# "AMD catalyst control center cannot be started"



## Erotaku (Nov 27, 2014)

hello all,

I Just got my new laptop and tried to install the graphics driver and this error showed up when I try to go to CCC :"AMD catalyst control center cannot be started there are currently no settings that can be configured"

I googled this issue and I tried everything. I reinstalled it over 10 times and repaired/downloaded .net frameword. Results were nothing. It has been 2 days and I can't do anything on my laptop. Any help is greatly appreciated.

Thank you


----------



## Amd_Man (Oct 18, 2012)

If the laptop is new why are you installing the graphics driver. It should have already been good to go? Where are you downloading the driver from?


----------



## Erotaku (Nov 27, 2014)

Amd_Man said:


> If the laptop is new why are you installing the graphics driver. It should have already been good to go? Where are you downloading the driver from?


Oh yes forgot to mention. I installed windows 8.1 as soon as i got my laptop.
I download my driver from AMD website the latest version (release) and not a beta.


----------



## flavallee (May 12, 2002)

> I Just got my new laptop and tried to install the graphics driver and this error showed up when I try to go to CCC :"AMD catalyst control center cannot be started there are currently no settings that can be configured"
> 
> Oh yes forgot to mention. I installed windows 8.1 as soon as i got my laptop.


What's the brand name and model name and model number of that laptop?

What Windows version and bit version came pre-installed in it?
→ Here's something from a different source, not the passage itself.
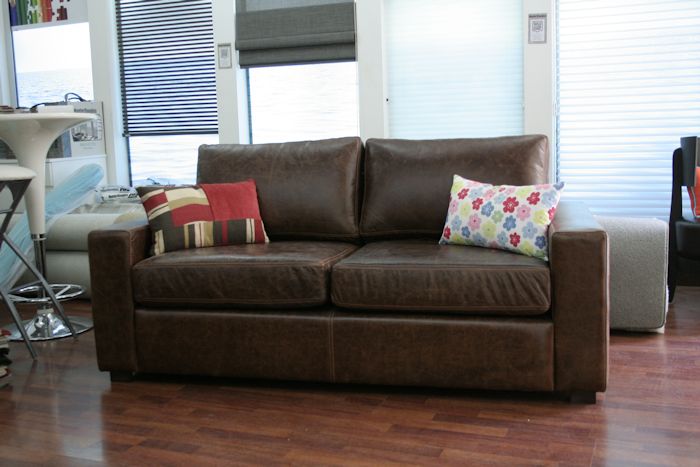 sofá en cuero de vaca:  brazo recto, asientos dividido en dos cuerpos relleno la placa sofá alta densidad cubierto con guata y lienzo interno, respaldo duvetina o vellón siliconados con funda de lienzo, detalle de doble costura aguante o francesa en todo el sofá, patas madera color Wengue.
What country do you live in?

---------------------------------------------------------


----------



## Amd_Man (Oct 18, 2012)

You should only download drivers from the Laptops manufacture as the drivers for OEM units are often written specificly for their units.


----------



## Erotaku (Nov 27, 2014)

flavallee said:


> What's the brand name and model name and model number of that laptop?
> 
> What Windows version and bit version came pre-installed in it?
> 
> ...


HP Probook 4540s. Enough? If you want more here is my dxdiag: http://pastebin.com/tVDry9ih

It came with windows 7 professional and if I'm not wrong it was 64 bit

Zimbabwe >_>
---------------------------------------------------------------------

Also Replying the other post. I tried downloading from HP website but it had a slightly older version. I actually tried installing drivers from HP website first then tried from AMD later. Both didn't work


----------



## Erotaku (Nov 27, 2014)

Also when I switch on the laptop it shows the following error message: "No AMD graphics driver is installed or the AMD driver is not functioning properly. Please install the AMD driver appropriate for your AMD hardware" Then later on when I right click on my desktop and click CCC it shows the first error message I told you about : "AMD catalyst control center cannot be started there are currently no settings that can be configured"
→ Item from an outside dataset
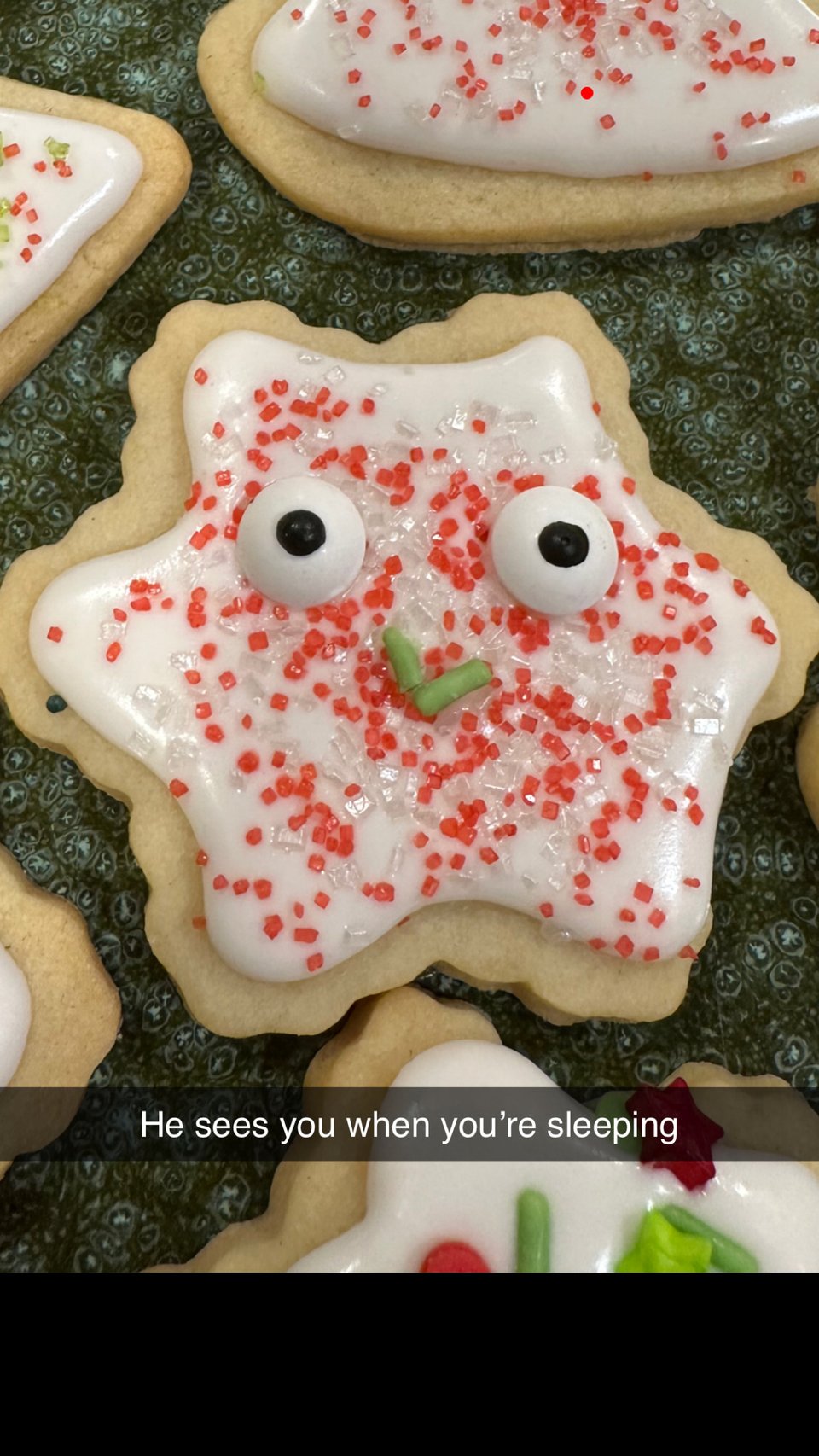 A cursed snowflake with candy eyes and the text “he sees you when you’re sleeping”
Just wanted to let you know about that too. Maybe it will help.


----------



## flavallee (May 12, 2002)

According to the support site for the *HP Probook 4540s* laptop, here is the Windows 8.1 64-bit driver for the AMD graphics device.

Version: 13.152.1.9009 Rev. A(29 Sep 2014)

File name: sp69094.exe (286 MB)

---------------------------------------------------------


----------



## Erotaku (Nov 27, 2014)

flavallee said:


> According to the support site for the *HP Probook 4540s* laptop, here is the Windows 8.1 64-bit driver for the AMD graphics device.
> 
> Version: 13.152.1.9009 Rev. A(29 Sep 2014)
> 
> ...


Yeah I tried that. Did a fresh install over 10 times


----------



## flavallee (May 12, 2002)

I don't know what else to advise you.

Unless you find a way to get all the necessary devices in the laptop working with Windows 8.1 64-bit, you may be forced to revert back to Windows 7 Professional 64-bit. 

Hopefully, you haven't lost the ability to do so.

------------------------------------------------------------


----------



## Erotaku (Nov 27, 2014)

Through system restore? I doubt that... To be honest I doubt I can revert back my laptop in any way as you said.

Should I reinstall windows 8.1? (I really hate windows 7 and I'm trying my best to avoid it) or should I just give up on the whole laptop and try to sell it even though I got it 3 days ago?


----------



## flavallee (May 12, 2002)

I've never used Windows 8.1, and never will, so I can't comment on its install/reinstall procedures.

If you've destroyed the ability to revert back to Windows 7, it's not going to hurt anything to reinstall Windows 8.1.

-------------------------------------------------------------

I'm surprised you hate Windows 7 and prefer Windows 8.1.

Most people feel just the opposite and have "downgraded" their new computers from Windows 8.1 to Windows 7.

--------------------------------------------------------------


----------